A possibilidade de antecipar, no processo de conhecimento, os efeitos da tutela de mérito, tem profundas repercussões no processo cautelar. Até sua introdução, a cautelar era utilizada indiscriminadamente tanto para alcançar-se as medida cautelar propriamente dita – medida para assegurar o direito, sem satisfazê-lo – como também para obter-se a medida de antecipação satisfativa. A partir da introdução do art. 273, a ação cautelar destina-se à obtenção de medidas cautelares típicas: as antecipações satisfativas só poderão ser deduzidas na própria ação de conhecimento.
“A distinção entre elas passa a ser, como se vê, de fundamental importância e não apenas por motivos burocráticos (na prática, até agora a antecipação satisfativa era requerida em ação autônoma – cautelar – mas os autos, geralmente, eram apensos aos da ação principal, onde se fazia instrução e julgamento conjunto). Sob este aspecto, a antecipacao satisfativa da tutela pelo regime do art. 273 do CPC restou facilitada (já que independe de ação própria, podendo ser requerida por simples petição). Porém, a profundidade da mudança foi em outro aspeco: mudaram os pressupostos para a concessão da medida, que passaram a ser mais severos que os do processo cautelar.”[13]

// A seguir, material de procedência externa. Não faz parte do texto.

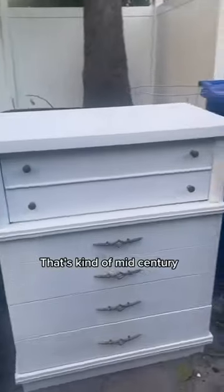Look at that dresser! It's kind of mid-century. That looks nice!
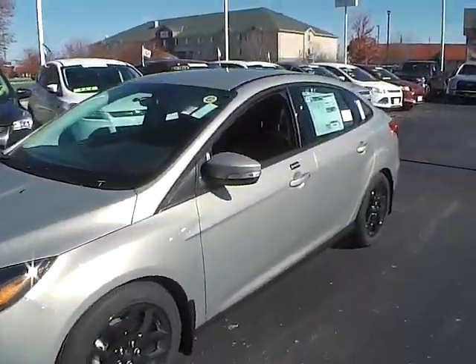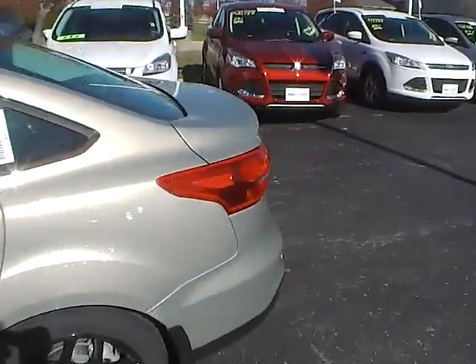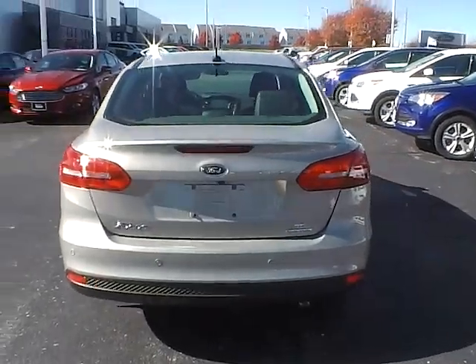Today we've got a 2016 Ford Focus SE with a tectonic exterior and a charcoal black interior. 2 liter 4 cylinder engine with an automatic transmission.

Para eliminar esse uso anômalo das ações cautelares e atender ao interesse de urgência, criou-se a tutela antecipada do art. 273, com requisitos um pouco mais exigentes que os da ação cautelar. Objetivamente pode-se distingui-las da seguinte forma: ao invés do fumus boni iuiris, passou-se a exigir a verossimilhança das alegações fundadas em prova inequívoca, devendo ainda haver ou um risco de lesão ou manifesto propósito protelatório do réu. Ainda, deve estar ausente a irreversibilidade do provimento. [14]
Ovídio Baptista, com clareza, confirma essa distinção, assevereando que “quando se antecipa execução, satisfaz-se por antecipação, atendendo-se desde logo a pretensão, o que significa mais do que dar-lhe simples proteção cautelar”.[15]
Como já foi dito, a par da tutela definitiva foi necessária a criação de tutela jurisdicional diferenciada, a fim de que se resguardasse o direito pretendido ou se conferisse sua própria fruição.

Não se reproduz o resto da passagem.